Repeat the records below exactly, from the first line through the line containing "Lots of yellow", and leave out any pictures.

═════ INPUT DATA ═════

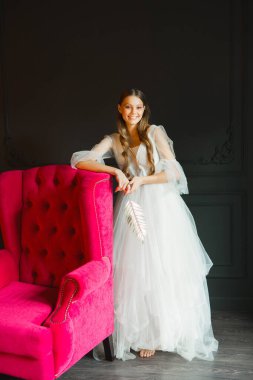 Siyah arka planda beyaz elbiseli güzel bir kadının portresi.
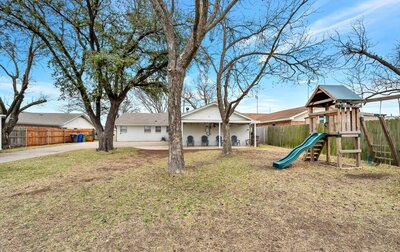 Spacious backyard with playset in this Entry way of this three-bedroom, two-bathroom vacation rental home featured on Chip and Joanna Gaines' Fixer Upper located in downtown Waco, TX.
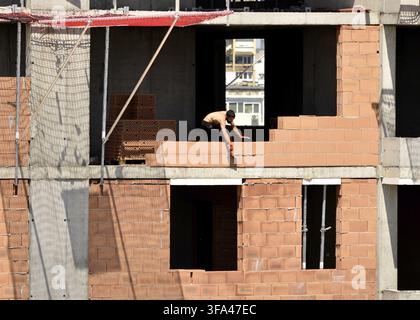 Bricklayer worker or brick mason is laying bricks at a construction site in Sofia Bulgaria, Eastern Europe, Balkans, EU Stock Photo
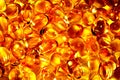 Lots of yellow red capsules, golden oil fish omega 3 capsules- Omega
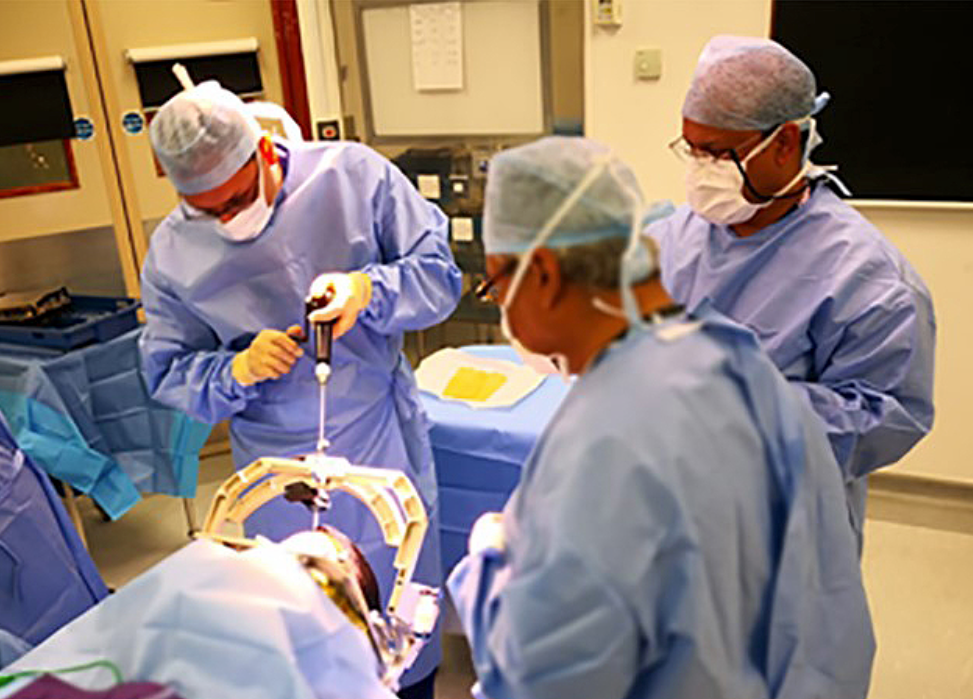 Dr Pereira drilling a hole in a patient's skull while Profs Nandi and Aziz look on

═════

__RESPONSE TO THE EXERCISE__.
 Siyah arka planda beyaz elbiseli güzel bir kadının portresi.
 Spacious backyard with playset in this Entry way of this three-bedroom, two-bathroom vacation rental home featured on Chip and Joanna Gaines' Fixer Upper located in downtown Waco, TX.
 Bricklayer worker or brick mason is laying bricks at a construction site in Sofia Bulgaria, Eastern Europe, Balkans, EU Stock Photo
 Lots of yellow red capsules, golden oil fish omega 3 capsules- Omega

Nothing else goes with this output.